## EXERCISE DETAILS:
Beginning at the line that contains "Condominio en venta" and finishing at the line that contains "LV mens Black AVENUE bag, (31x 20 x 7 cm)", output the data below exactly. Include both end lines and no pictures.

## RECORD EXCERPTS:

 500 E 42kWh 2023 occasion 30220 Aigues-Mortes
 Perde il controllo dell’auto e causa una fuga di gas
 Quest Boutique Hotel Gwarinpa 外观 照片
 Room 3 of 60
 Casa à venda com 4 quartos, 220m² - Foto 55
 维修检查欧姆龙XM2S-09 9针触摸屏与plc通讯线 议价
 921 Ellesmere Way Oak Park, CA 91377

---

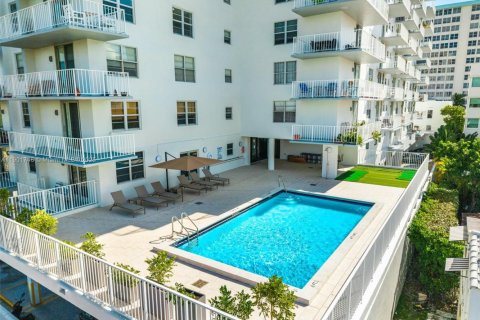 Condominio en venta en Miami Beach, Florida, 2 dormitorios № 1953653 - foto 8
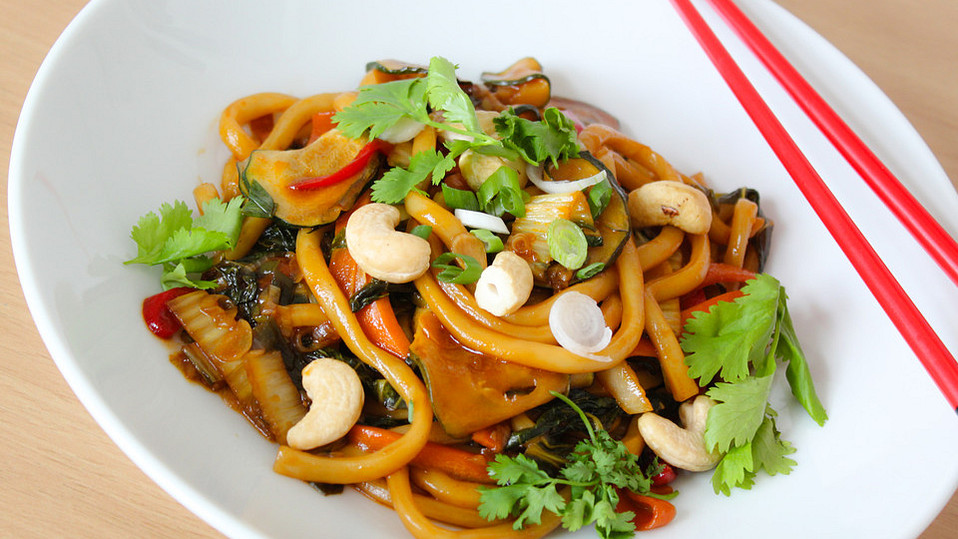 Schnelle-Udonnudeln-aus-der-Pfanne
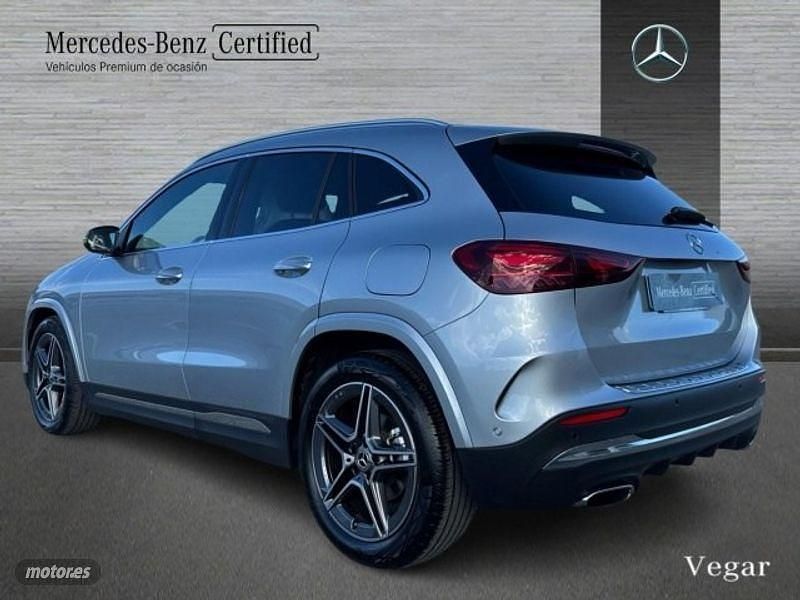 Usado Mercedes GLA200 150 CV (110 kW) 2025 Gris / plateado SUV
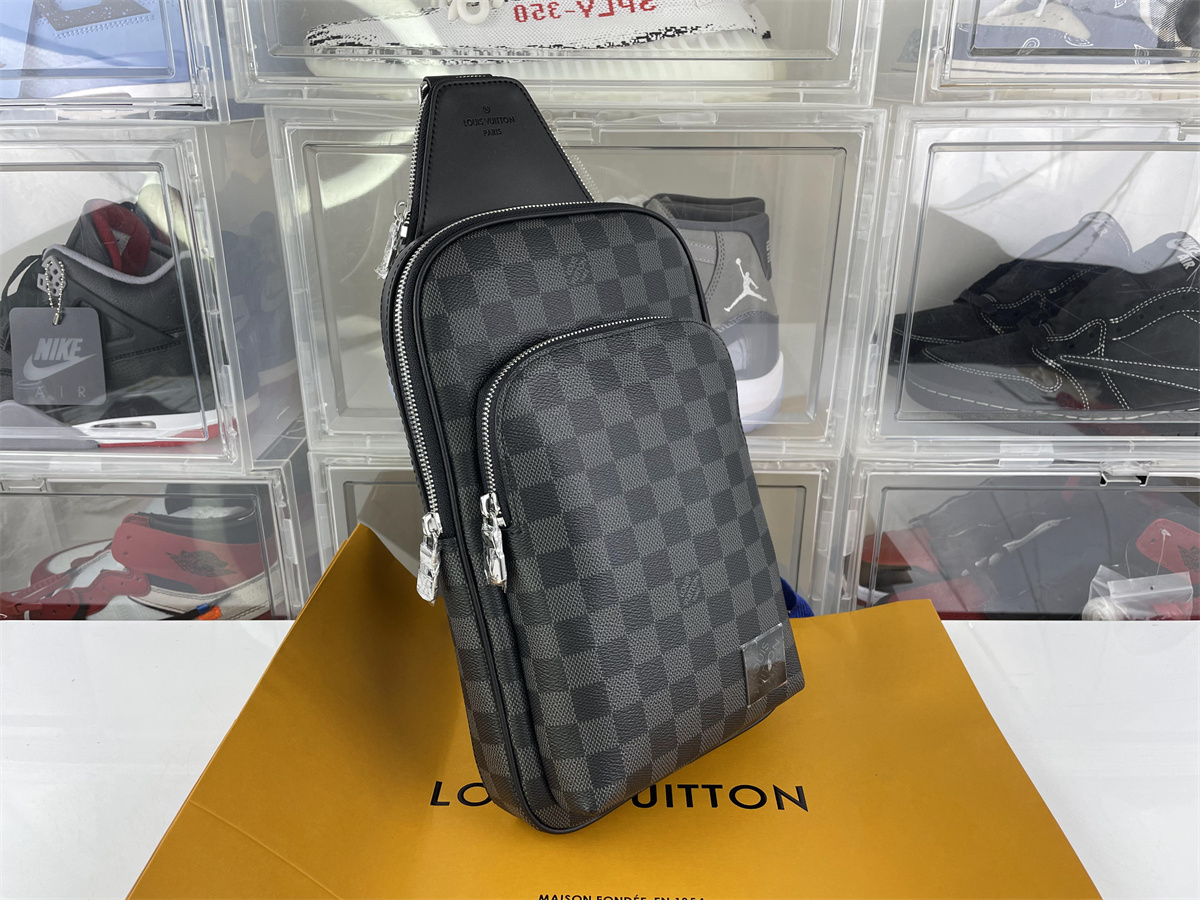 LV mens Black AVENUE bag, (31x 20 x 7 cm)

==

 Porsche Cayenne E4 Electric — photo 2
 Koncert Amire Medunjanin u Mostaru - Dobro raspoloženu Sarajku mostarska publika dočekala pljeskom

## TASK ANSWER:
 Condominio en venta en Miami Beach, Florida, 2 dormitorios № 1953653 - foto 8
 Schnelle-Udonnudeln-aus-der-Pfanne
 Usado Mercedes GLA200 150 CV (110 kW) 2025 Gris / plateado SUV
 LV mens Black AVENUE bag, (31x 20 x 7 cm)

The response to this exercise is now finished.